Helene Huts
KU Leuven (KUL)
Academic and professional background, key areas of expertise, and research interests
MSc. Biomedical Engineering. Currently working on a PhD at KU Leuven with focus on the estimation of individual treatment effects with causal machine learning.
What is your role within the AI-PROGNOSIS project, and how do your expertise and skills contribute to achieving its objectives?
Member of the research team for task 3-6: Medication response predictive modelling. Causal machine learning models can uncover individual treatment effects for this task.
What future opportunities do you see for your field in similar healthcare projects?
General causal machine learning methods can be applied to investigate any disease and any treatment. The application potential is very large.
What do you see as the long-term potential of the AI-PROGNOSIS project in advancing AI-driven healthcare solutions?
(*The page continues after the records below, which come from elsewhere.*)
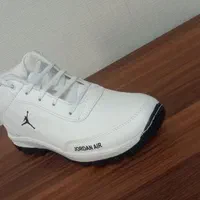 کتونی جردن،ساق دار،41|کیف، کفش، کمربند|قم, بنیاد|دیوار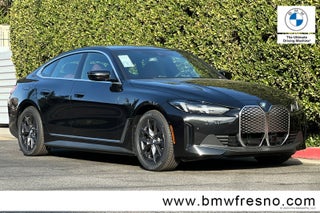 2026 BMW i4 eDrive40
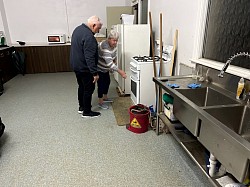 cooks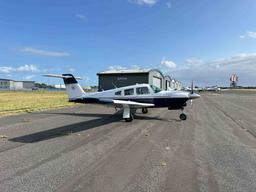 Piper - PA-28RT-201T Turbo Arrow IV - photo 9
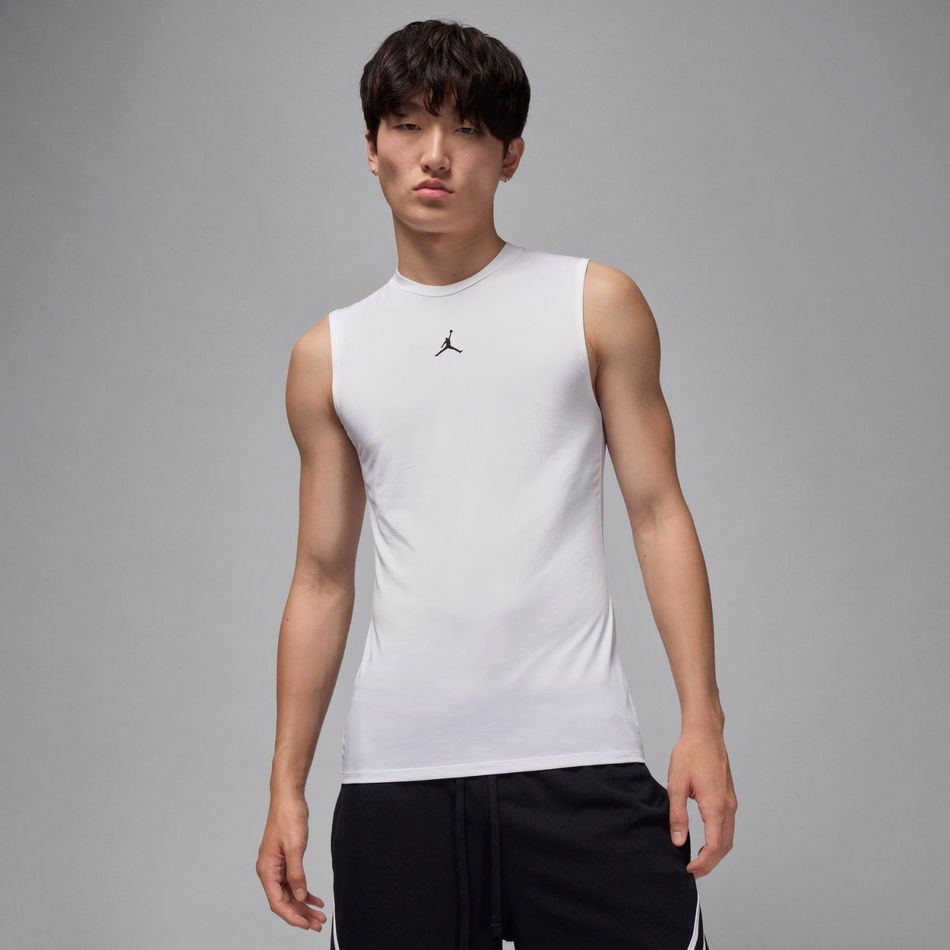 Jordan Sport Dri-FIT SL Top Erkek Atlet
This project can be a foundation for many useful AI tools in Parkinson’s disease and pave the way for similar projects in other medical fields.
From a clinical perspective, how do you think the AI-PROGNOSIS tools will influence the diagnosis, prognosis, and treatment of Parkinson’s disease?
Personalised predictions of treatment effect can support clinicians to make more targeted use of medication. This increases effectiveness and helps avoid unnecessary costs and side-effects.
How do you envision AI specifically supporting the AI-PROGNOSIS project, and what direct benefits do you anticipate from its integration?
AI methods can help uncover valuable, complex patterns in data that cannot be detected with more standard techniques.
How are user research and co-creation part of the AI-PROGNOSIS project, and what benefits do you expect from working together in these ways?
Close collaboration with clinicians ensures that AI tools are properly adapted to clinical needs.